# Irish lamb stew



## RuddeDogg (Mar 20, 2004)

2-3 lbs of lamb chops
5 medium or 12 baby carrots
5 medium or 12 baby onions
8 potatoes
1 pint beef stock
sprig of tyme
1 table sponn of chopped fresh chives

Pre heat oven to 350 degs.

Cut chops in half and trim excess fat. gentlt heat some oil in a large skillet. Peel onions and acrrots. If they are small, leave them as they are, if they are large, cut into chunks. Slightly brown lamb chops in skillet adn the transfer in a casserole dish. Toss the onions and carrots into the pan. Build the meat, carrots and onions in layers in the casserole dish and season each layer with salt and pepper. De-glaze the pan with the beef stock and pour into the casserole dish.
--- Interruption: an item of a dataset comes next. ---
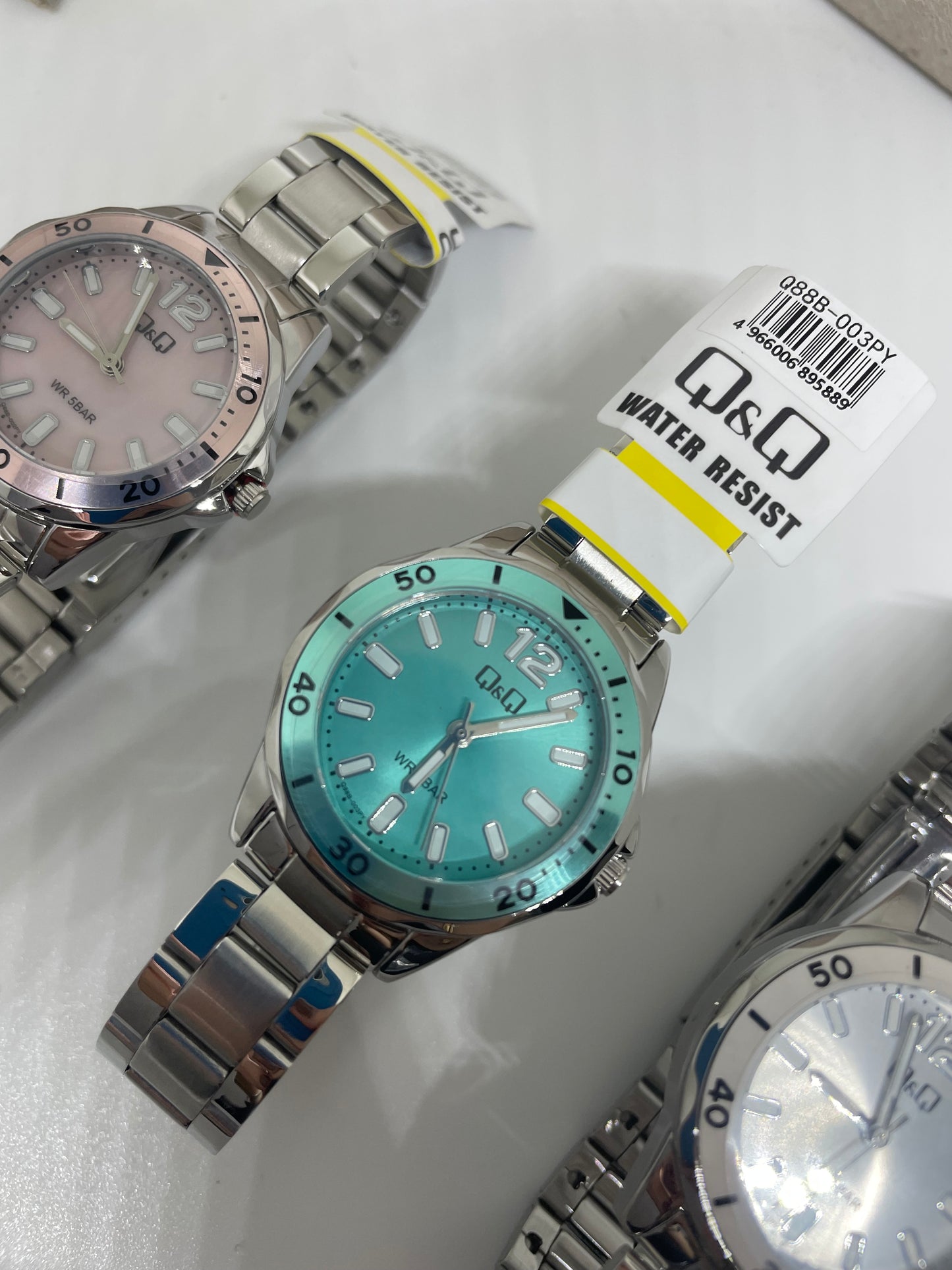 RELOJ QYQ Q88B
Peel the potatoes and lay them on top the meat and vegetables. They will steam as the stew cooks. Season the potatoes with a spring of tyme. Bring to a boil and then cover and place in the oven until stew is cooked. When the stewa is cooked pour off the cooking liquid, de-grease and re heat in another sauce pan. Add parsley and chives and pour it back ovewr the stew and bring back to a boil and serve from the pot. 

Serve with a good rustic or sour dough bread.


----------